Required action:
Images stay out. Everything else in the records is repeated exactly.

Given records:

***

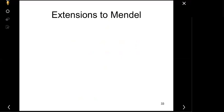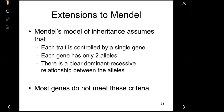Let's move on to some other concepts. Mendel mainly worked on one gene, one trait — one gene controls one trait, like plant height or flower color. But in reality, especially in humans, there are exceptions. We need to talk about extensions to the Mendel model. In his model, each trait is controlled by a single gene with only two alleles and a clear dominant-recessive relationship, but that's not true for most of our genes.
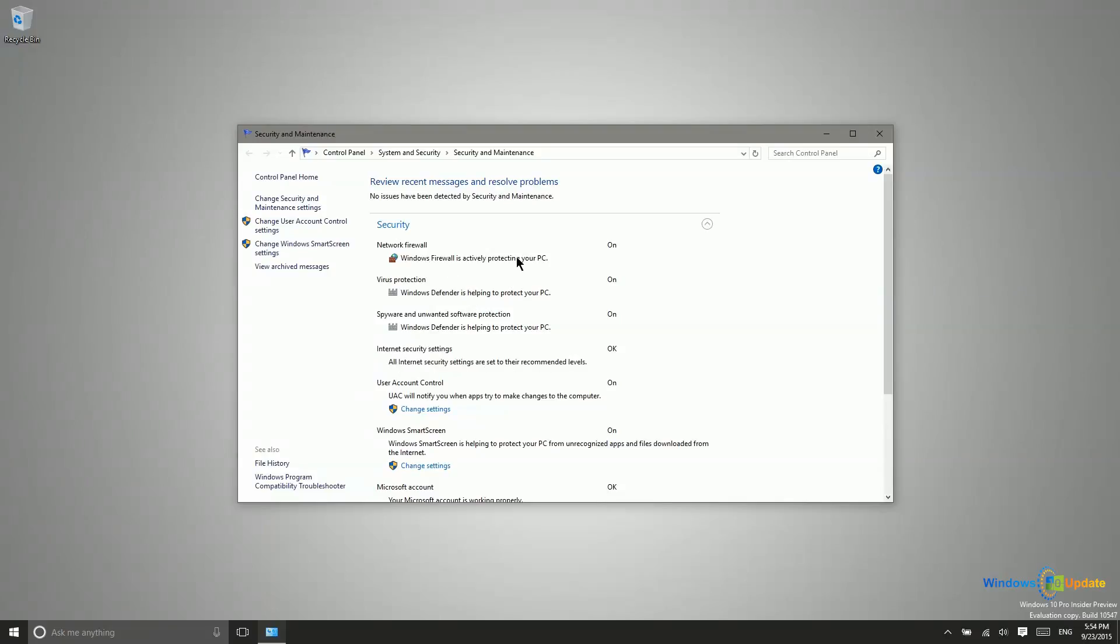I can see Windows Firewall is on. That will be on by default. Windows Defender will also be on by default, and that's going to help to protect you from malware and other viruses. And then, it checks your internet security settings to be sure that those are okay.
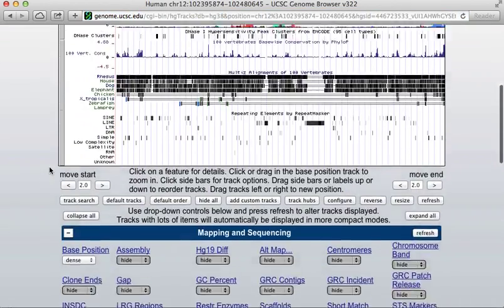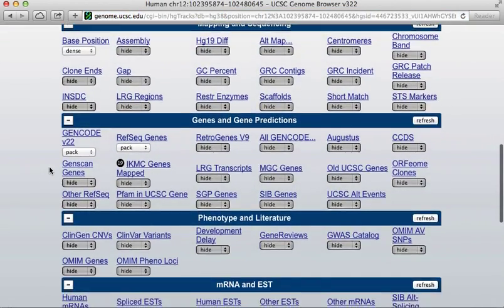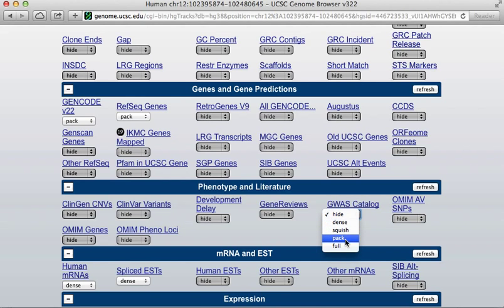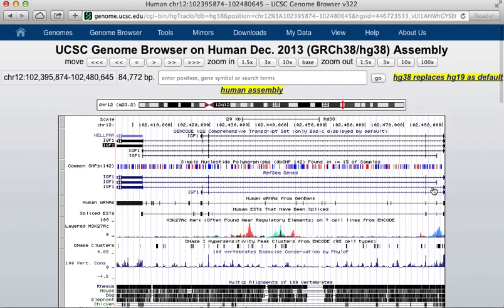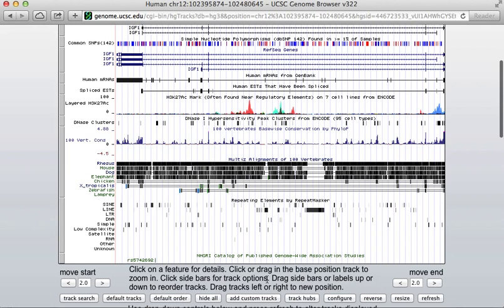I'll show you one more thing. You can also go down below, and there are many other tracks with all kinds of other information that are currently hidden. I'll display one of these — this GWAS information — at the pack level. And I'm just going to hit refresh to add that track to my browser. This one will show me any SNPs that were found in genome-wide association studies as being relevant to some human phenotype.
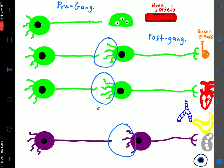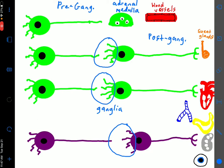There is an unusual one at the top for the sympathetic pathway — this is a modified ganglion called the adrenal medulla, which is part of the adrenal glands. Here, instead of having a post-ganglionic neuron, we have chromaffin cells. These chromaffin cells are modified post-ganglionic neurons that lost their axons, and instead of releasing neurotransmitters, they release hormones.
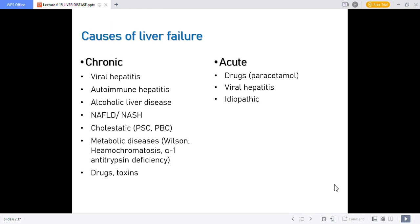Causes of liver failure include viral hepatitis, autoimmune hepatitis, alcoholic liver disease, NAFLD and NASH — which is non-alcoholic fatty liver disease and non-alcoholic steatohepatitis, involving fat build-up, scarring and eventual liver failure. Cholestatic causes include PSC — primary sclerosing cholangitis — and PBC — primary biliary cholangitis — involving obstruction in the biliary duct due to bile accumulation.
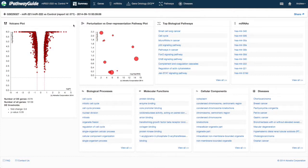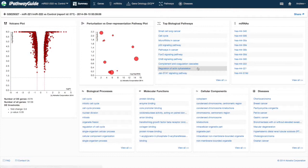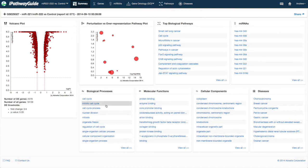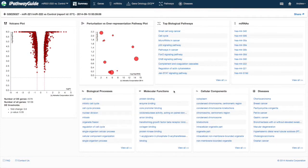The summary page is broken into five main sections: the volcano plot, top 10 pathways using impact analysis and the associated plot, top predicted microRNAs, top gene ontology analysis results for biological processes, molecular functions and cellular components, and top disease analysis results.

***

Response:
Let's move on to some other concepts. Mendel mainly worked on one gene, one trait — one gene controls one trait, like plant height or flower color. But in reality, especially in humans, there are exceptions. We need to talk about extensions to the Mendel model. In his model, each trait is controlled by a single gene with only two alleles and a clear dominant-recessive relationship, but that's not true for most of our genes.
I can see Windows Firewall is on. That will be on by default. Windows Defender will also be on by default, and that's going to help to protect you from malware and other viruses. And then, it checks your internet security settings to be sure that those are okay.
I'll show you one more thing. You can also go down below, and there are many other tracks with all kinds of other information that are currently hidden. I'll display one of these — this GWAS information — at the pack level. And I'm just going to hit refresh to add that track to my browser. This one will show me any SNPs that were found in genome-wide association studies as being relevant to some human phenotype.
There is an unusual one at the top for the sympathetic pathway — this is a modified ganglion called the adrenal medulla, which is part of the adrenal glands. Here, instead of having a post-ganglionic neuron, we have chromaffin cells. These chromaffin cells are modified post-ganglionic neurons that lost their axons, and instead of releasing neurotransmitters, they release hormones.
Causes of liver failure include viral hepatitis, autoimmune hepatitis, alcoholic liver disease, NAFLD and NASH — which is non-alcoholic fatty liver disease and non-alcoholic steatohepatitis, involving fat build-up, scarring and eventual liver failure. Cholestatic causes include PSC — primary sclerosing cholangitis — and PBC — primary biliary cholangitis — involving obstruction in the biliary duct due to bile accumulation.
The summary page is broken into five main sections: the volcano plot, top 10 pathways using impact analysis and the associated plot, top predicted microRNAs, top gene ontology analysis results for biological processes, molecular functions and cellular components, and top disease analysis results.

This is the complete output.